SYT applied for regular funding (RFO) from Creative Scotland, but did not receive it and the "significant funding gap" has proved to be unbridgeable for the Glasgow-based company.

The company was not an RFO organisation from 2015-18, but were funded by Scottish Government money through Creative Scotland, worth £400,000,  a sum which was announced by Alex Salmond, former First Minister, in 2014.

Tonight a board statement says: "In January this year, Scottish Youth Theatre learned that we had not been successful in our application for regular funding from Creative Scotland for the period 2018-21. This represents a gap of around a third of our required income.

"After the news from Creative Scotland we have worked on many business models, a variety of cost cutting exercises and discussed how we can better collaborate to share costs and resources with like-minded organisations.

"However sadly, without a realistic expectation that we would be successful in securing financial support in such a limited time to meet the significant funding gap, we are left with no other realistic option but to cease trading on 31st July 2018."

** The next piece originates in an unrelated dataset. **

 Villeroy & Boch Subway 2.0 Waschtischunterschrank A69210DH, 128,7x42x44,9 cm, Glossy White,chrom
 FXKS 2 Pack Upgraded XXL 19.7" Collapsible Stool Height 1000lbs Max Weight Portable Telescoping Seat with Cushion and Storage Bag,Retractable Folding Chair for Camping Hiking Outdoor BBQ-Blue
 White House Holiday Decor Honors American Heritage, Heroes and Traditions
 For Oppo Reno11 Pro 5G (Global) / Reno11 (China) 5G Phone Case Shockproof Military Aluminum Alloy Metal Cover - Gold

Staff and board have been "devastated" by the decision, insiders say.

Its last works will include its National Ensemble, which will tour to four Scottish cities.

It will also continue with its summer courses and other activities until July.

The statement added: "If you are a current participant then the best way you can support us is by continuing to attend for the remainder of our time."

A statement from the Scottish Government said: "The Scottish Youth Theatre's announcement will be of serious ‎concern for many people.

"The decisions about which organisations receive Regular Funding is for Creative Scotland and not for the Scottish Government, and we would encourage SYT to keep talking to Creative Scotland about other potential sources of funding."
A seperate statement from the company itself, said: "At a time when Scottish Youth Theatre is delivering Scotland's first National Youth Ensemble and is exploring more than ever the power and potential of collaborations and connectivity with a diverse and interesting range of partners, including the other National Youth Arts companies, we’re devastated to be in this position. 

"For more than 40 years, Scottish Youth Theatre has enriched and empowered thousands of Scots to realise their potential through the arts. "The irony is not lost on all concerned that this should come to an end in Scotland's designated Year of Young People."

A spokesman for Creative Scotland said: "We are disappointed to learn of Scottish Youth Theatre’s plans to cease trading later this year. Scottish Youth Theatre applied for Regular Funding for 2018-21, however, in a competitive process and within the limits of funds available, we were not able to support them through this funding route, but have been in discussions with them regarding alternative routes to support.

"Creative Scotland is fully committed to supporting access to creativity for young people through the organisations we fund across Scotland. Youth arts are well represented in the network of Regularly Funded Organisations, with more than 80% of them including work with or for children and young people.

"Creative Scotland also provides extensive support for arts and young people through Open Project Funding and through multi-million pound Targeted Funding programmes such as the Youth Music Initiative (YMI) and CashBack for Creativity."